◆ Task goal
Would you print all of the entries exactly, please, but without their pictures?

◆ Exercise input
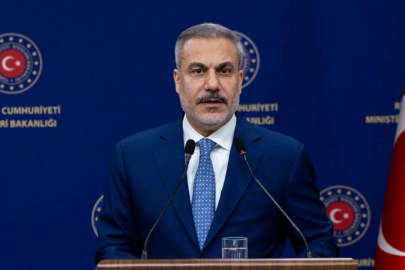 Dışişleri Bakanı Hakan Fidan Yunan mevkidaşı ile görüştü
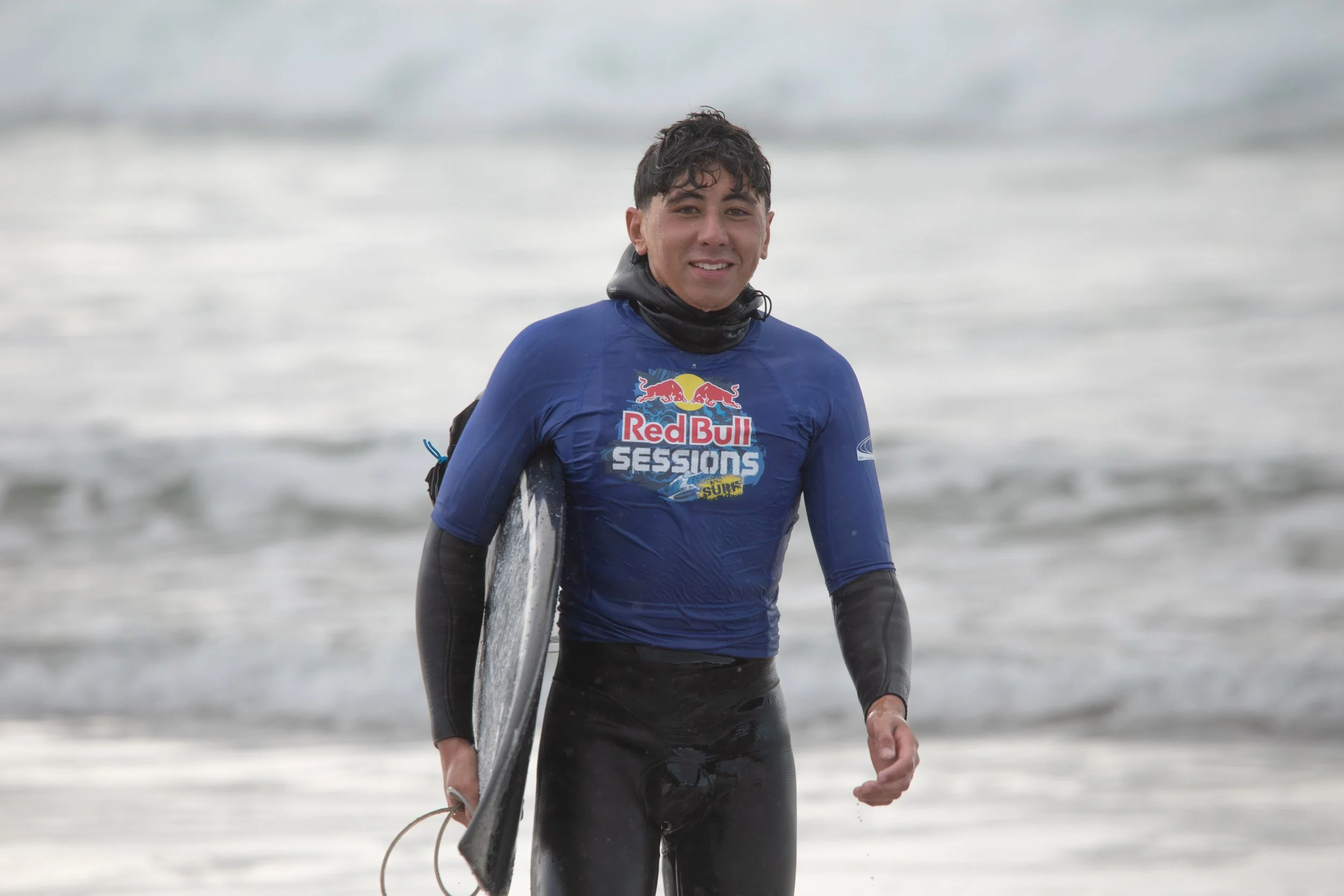 Reen Bowden-Inoue, Surfing England Junior Squad, Fistral Beach, RedBull Sessions, March 2026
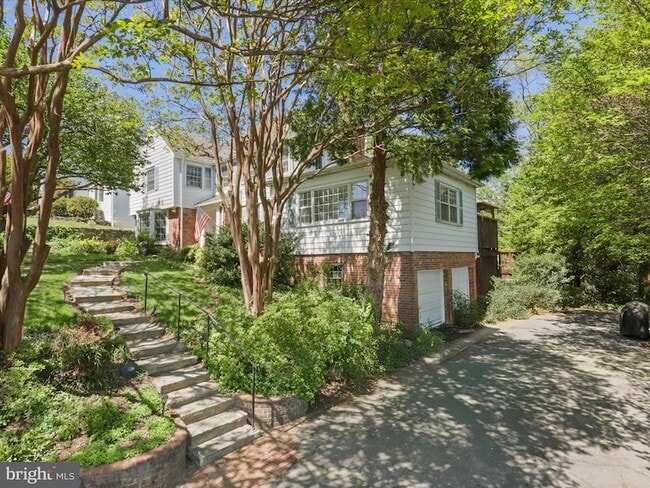 Foto del edificio - 4725 Rock Spring Rd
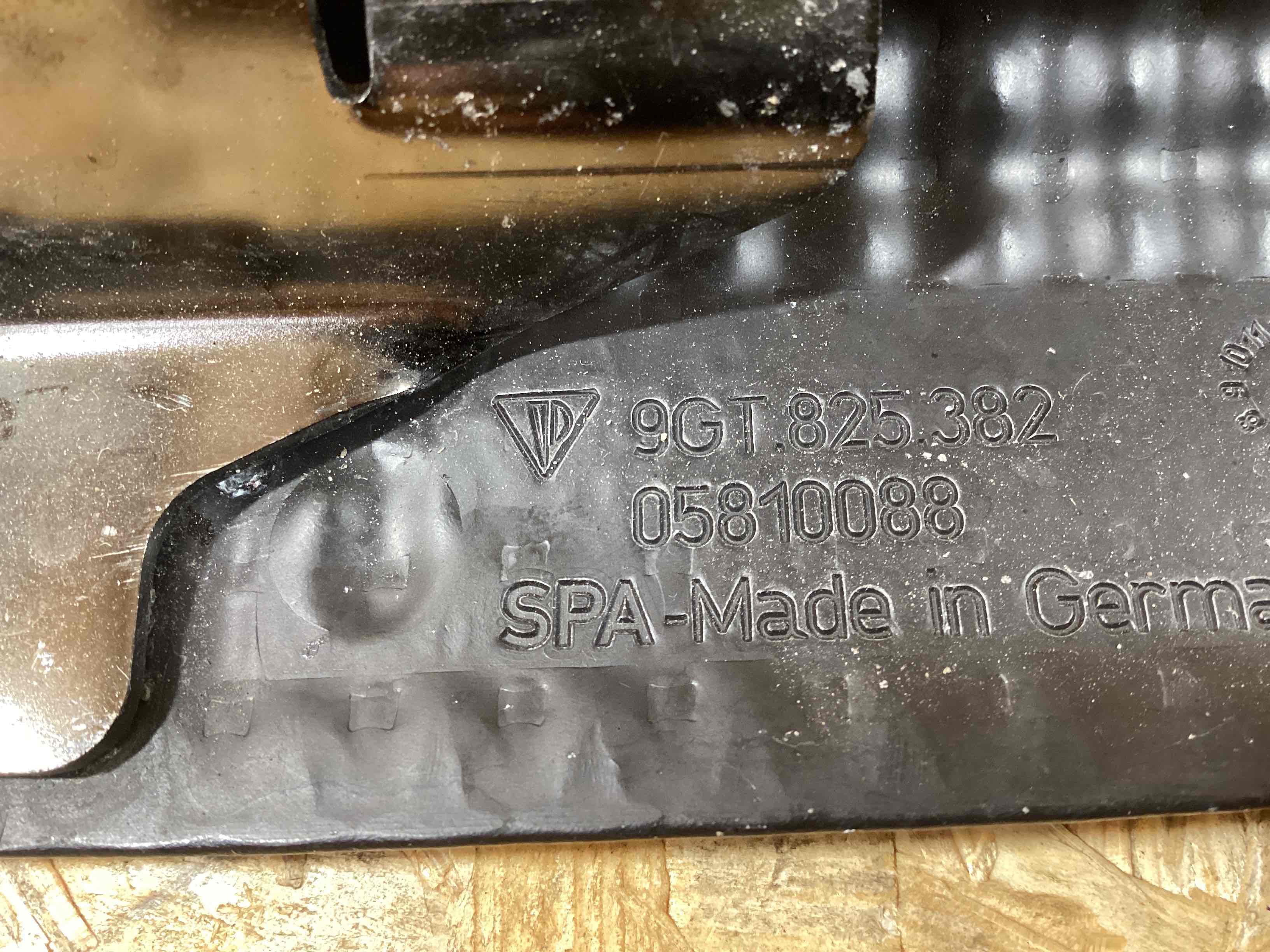 Крепление, кронштейн Porsche 911 300925-113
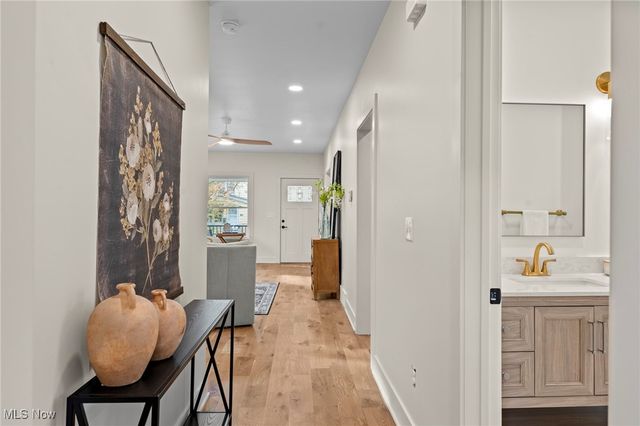 1563 Winchester Avenue, Lakewood, OH 44107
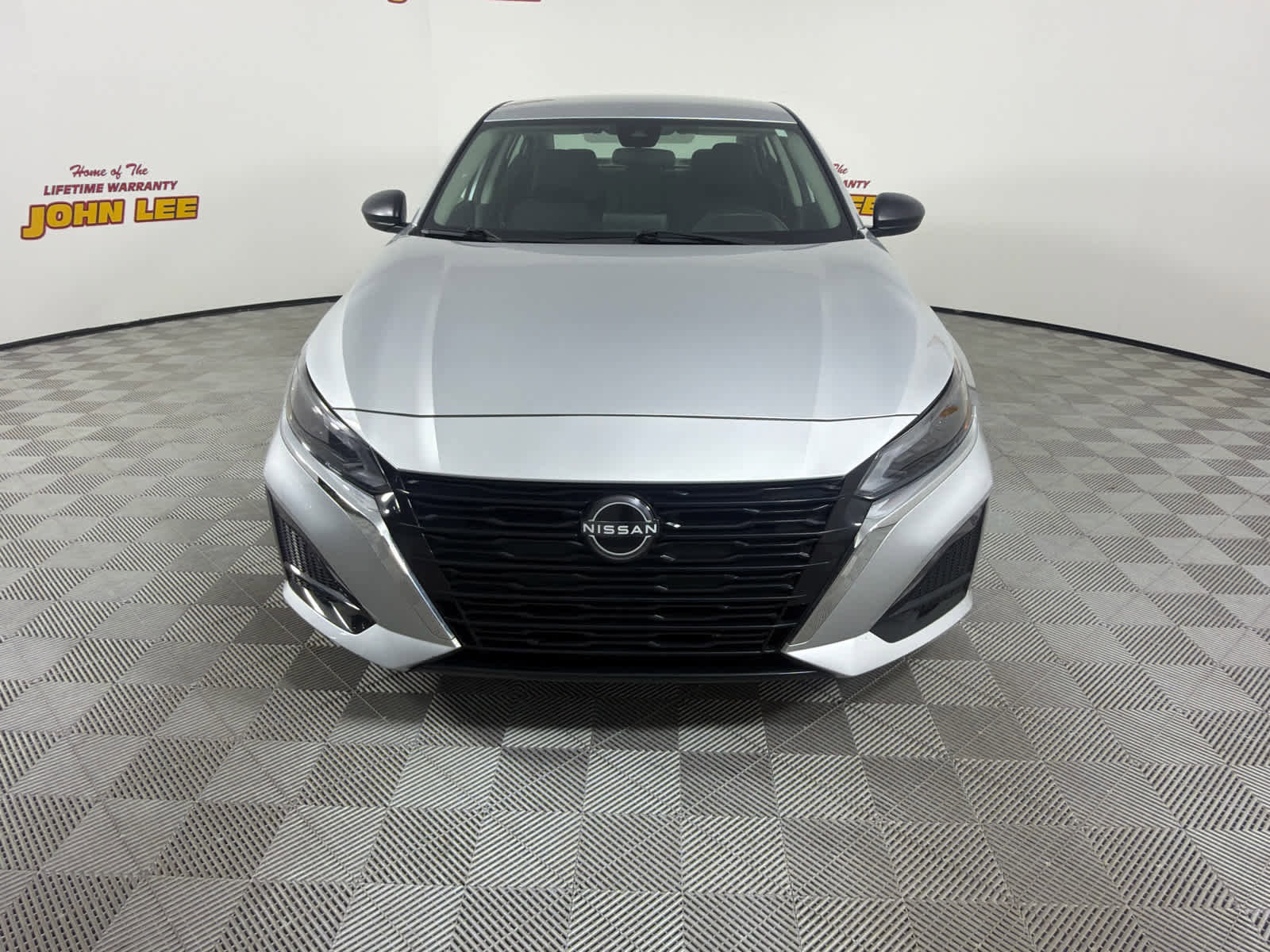 Certified 2024 Nissan Altima 2.5 SV FWD image 9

◆ Written response
 Dışişleri Bakanı Hakan Fidan Yunan mevkidaşı ile görüştü
 Reen Bowden-Inoue, Surfing England Junior Squad, Fistral Beach, RedBull Sessions, March 2026
 Foto del edificio - 4725 Rock Spring Rd
 Крепление, кронштейн Porsche 911 300925-113
 1563 Winchester Avenue, Lakewood, OH 44107
 Certified 2024 Nissan Altima 2.5 SV FWD image 9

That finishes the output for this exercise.